L’Office national de l’énergie, ensuite. Depuis que le gouvernement conservateur a aboli les agences environnementales devant surveiller le secteur énergétique, pelletant ces responsabilités dans la cour de l’ONE, on sait que l’organisme n’est pas à la hauteur. Le régulateur fédéral publie rarement des lettres d’exécution et punit encore plus rarement les compagnies fautives. En janvier dernier, un rapport de la Commission fédérale sur l’environnement et le développement durable jugeait que le processus de surveillance d’oléoducs était défaillant dans 50 % des cas étudiés. De plus, jusqu’à l’année dernière, l’ONE n’avait aucun mécanisme en place pour imposer des amendes aux compagnies ne respectant pas les codes.
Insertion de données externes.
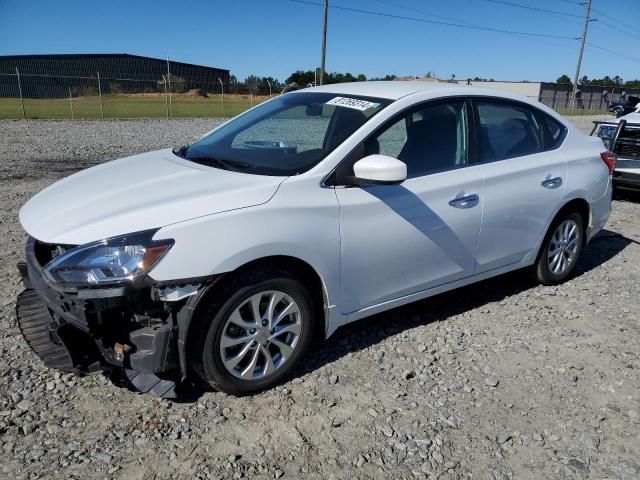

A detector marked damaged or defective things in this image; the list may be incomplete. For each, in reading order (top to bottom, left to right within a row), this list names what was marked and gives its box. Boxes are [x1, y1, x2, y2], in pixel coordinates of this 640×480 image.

damaged front bumper [15, 236, 212, 398]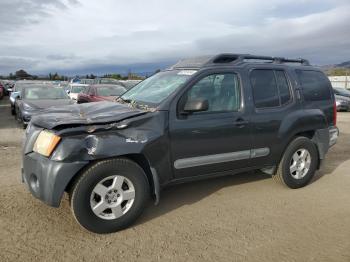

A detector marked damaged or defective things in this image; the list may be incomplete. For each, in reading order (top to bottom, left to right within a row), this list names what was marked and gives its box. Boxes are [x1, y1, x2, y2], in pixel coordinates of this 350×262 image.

wrecked hood [29, 101, 148, 129]
damaged nissan xterra [22, 53, 340, 233]
crumpled front bumper [21, 149, 87, 207]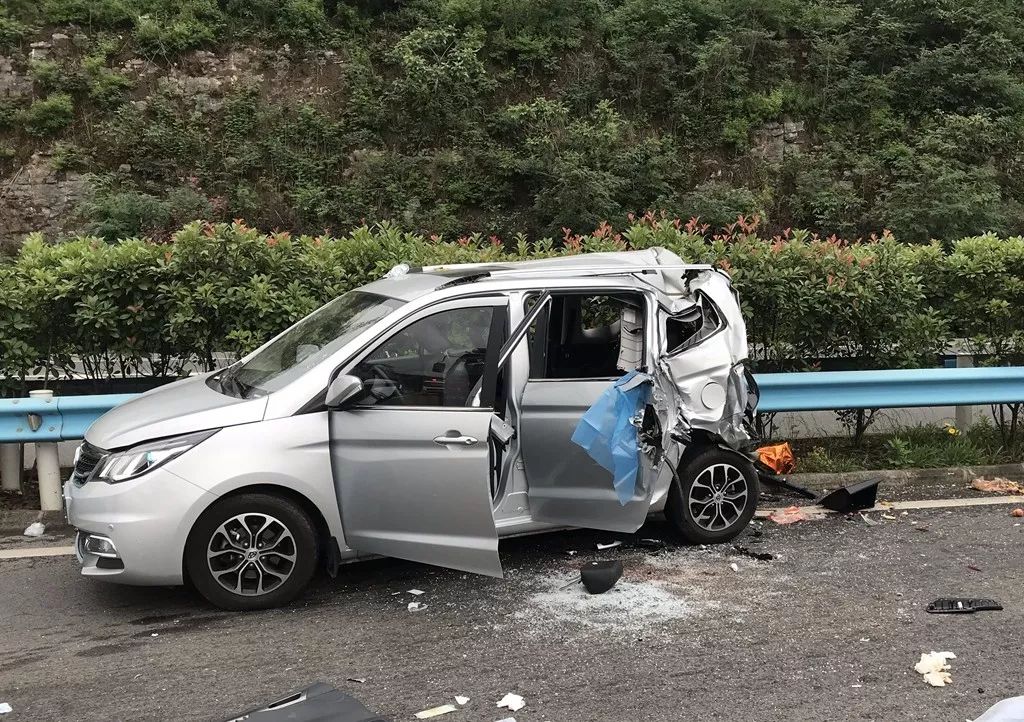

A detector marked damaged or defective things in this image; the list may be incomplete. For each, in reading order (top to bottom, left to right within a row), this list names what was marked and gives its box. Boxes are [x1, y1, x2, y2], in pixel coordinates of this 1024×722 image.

severely damaged car [64, 248, 760, 608]
deployed airbag [572, 368, 652, 504]
damaged wheel [664, 448, 760, 544]
damaged wheel [185, 490, 320, 608]
broken car part [580, 556, 620, 592]
broken car part [924, 596, 1004, 612]
broken car part [226, 680, 390, 720]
Basé à Calgary et dirigé par un homme, Peter Watson, qui a d’abord fait carrière dans le secteur énergétique, l’ONE a longtemps été soupçonné d’être à la solde de cette industrie. Depuis que deux de ses commissaires ont rencontré « en secret » un certain conseiller spécial de TransCanada, l’ex-premier ministre Jean Charest, il n’est plus possible d’en douter. Les mensonges du régulateur à ce sujet, affirmant à deux reprises que cette rencontre n’avait pas eu lieu, suivis du refus de récuser les deux commissaires, n’ont fait qu’enfoncer le clou. Et que dire d’un homme ayant musclé sa carrière politique en tant que ministre de l’Environnement (sous Brian Mulroney) se retrouvant, sitôt sorti de la politique, dans le camp adverse ? Un parcours qui en dit long sur l’histoire d’amour entre le politique et le secteur énergétique.
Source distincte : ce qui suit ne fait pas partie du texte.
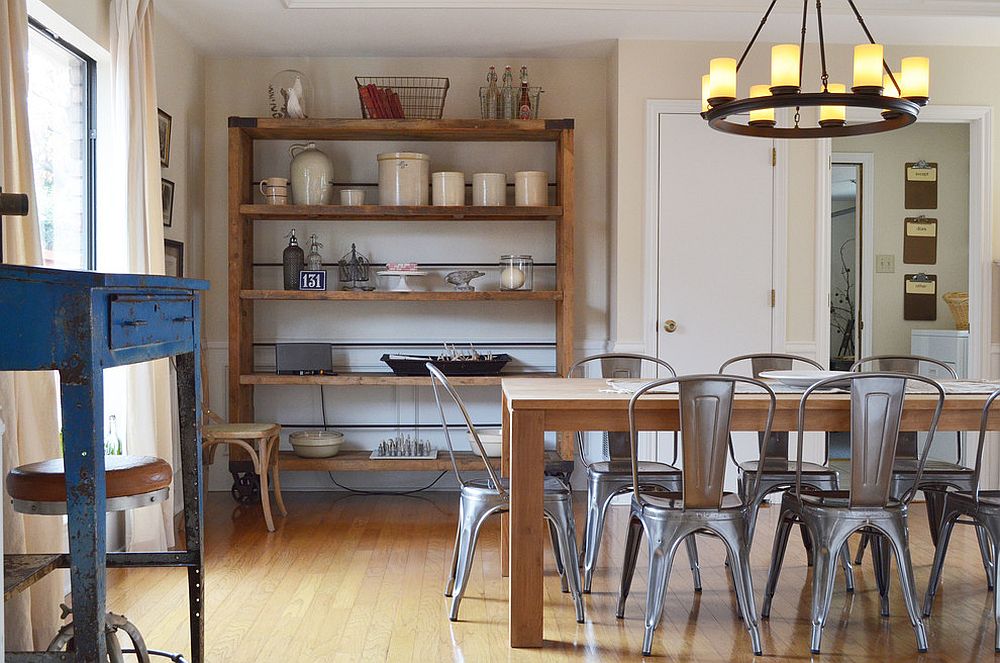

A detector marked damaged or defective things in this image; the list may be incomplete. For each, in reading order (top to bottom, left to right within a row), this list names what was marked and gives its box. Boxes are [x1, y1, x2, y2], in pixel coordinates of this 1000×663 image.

rusty metal stool [7, 456, 186, 663]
TransCanada, maintenant. On sait que la pétrolière albertaine a d’abord refusé « de se conformer à la législation environnementale du Québec ou de produire une étude d’impact pour son pipeline ». En fait, la compagnie baigne depuis longtemps dans la « culture de la non-conformité », dit un ingénieur qui a travaillé pendant cinq ans pour TransCanada. Expert en soudure, Evan Vokes a été congédié sans motif en 2012 après avoir mis en doute les pratiques de son employeur. Témoignant devant un comité sénatorial, l’ingénieur parle d’une ambiance de coercition et de multiples manquements aux codes résultant dans « un taux de réparation de 100 % ». L’ex-employé accuse TransCanada « de ne pas respecter la loi concernant la sécurité et de laisser ses intérêts financiers dicter ses pratiques de travail ». Alexandre Shields du Devoir en ajoutait une couche cette semaine en révélant que « plus de 1400 pièces présentes dans des pipelines de TransCanada contiennent potentiellement des matériaux aux propriétés de qualité inférieure ».
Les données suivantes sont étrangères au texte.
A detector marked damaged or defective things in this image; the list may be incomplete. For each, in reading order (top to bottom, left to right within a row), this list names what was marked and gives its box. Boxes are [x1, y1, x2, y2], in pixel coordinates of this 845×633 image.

Refusant de prendre position vis-à-vis de l’oléoduc Énergie Est, le gouvernement Trudeau a jusqu’à maintenant jeté son dévolu sur le système d’évaluation et de surveillance. « Nous allons lui redonner des dents », avait-il promis lors des dernières élections. Un an plus tard, on constate que l’ONE a les culottes à terre et que TransCanada, elle, a toujours agi en délinquante. Pourquoi diable donnerait-on le feu vert à un tel cinéma ?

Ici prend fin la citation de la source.